The messages of Eden? The architect of the universe, God, is also the only architect of objective morality. Each of you, created in the image of God, has free will, a transcendent rational intellect, an emotional intellect, and responsibility for your choices and their consequences. The serpent is neither the source nor the symbol of what is bad in your life. He just reveals it. The source is you and your worldview and how you act in the world.
These are not popular messages today, but they are foundational to Judaism. It’s not a universal belief that everyone has free will and choice. Rather, life is controlled by circumstances. It’s not a universal belief that decision-making should be accomplished by using one’s rational and emotional intellect, with the rational having the final say: “Is this true or false? Is this moral or immoral?”
Rather, good intentions and emotions should rule decision-making, because caring outweighs results.
It’s not a universal belief that each of us is responsible for the consequences of our actions and the work that fills our lives. Rather, responsibility and blame belong elsewhere — even on fate.

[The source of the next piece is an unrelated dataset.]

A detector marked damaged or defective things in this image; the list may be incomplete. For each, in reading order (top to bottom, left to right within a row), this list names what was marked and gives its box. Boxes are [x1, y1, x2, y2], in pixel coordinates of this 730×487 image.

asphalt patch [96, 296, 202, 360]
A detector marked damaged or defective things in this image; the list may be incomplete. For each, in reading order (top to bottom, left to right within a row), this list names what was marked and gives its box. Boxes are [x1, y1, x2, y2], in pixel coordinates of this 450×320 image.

The living laboratory of four concentration camps, however, led survivor Viktor Frankl to reaffirm the truth of the Garden’s messages: “Man has both potentialities within himself (to be like swine or saints); which one is actualized depends on decisions but not on conditions.”
More than 3,300 years ago, a group of former slaves left Egypt to establish their own free nation built upon these ideas from Genesis, codified into law and culture at Sinai.
Despite exile, persecution, and near-genocide, their descendants retained these messages from Eden, ideas so powerful they shaped Western Civilization, built America, and rebirthed an ancient nation, each of which has experienced success beyond any dreams.
The egocentric modern world, however, seems to reject not only the Bible but its verifiable precepts, like those of Eden. One has to wonder if today’s antisemitism and anti-Zionism aren’t, at least in part, because Jews continue to personify these timeless hallowed principles.
Literature to share
Osnat and Her Dove: The True Story of the World’s First Female Rabbi by Sigal Samuel. This illustrated children’s book recounts the life story of Osnat, a 17th-century rabbi’s daughter who loved the books in her father’s library. She begged to learn and practiced reading to a tame, white dove in her neighborhood. Credited with many miracles, she became a respected teacher in her father’s yeshiva and eventually became its leader. Brilliant artwork with reds, blues, and aquas captures the ambiance of the Near East, adding to the uniqueness of the story. A delight for elementary ages, this is one of my all-time favorites for story and illustrations.
Little Pieces of Me by Alison Hammer. When a DNA testing site contacts Paige about a new leaf on her family tree, her already precarious life shatters. Why? It’s a paternal match, but her father has been dead for over two years. This novel captures the emotions and challenges of unearthing long-buried family secrets and wrestles with the notion of identity and how it emerges. Fast-paced, interesting characters, and well-written, this is an engaging summer or weekend read.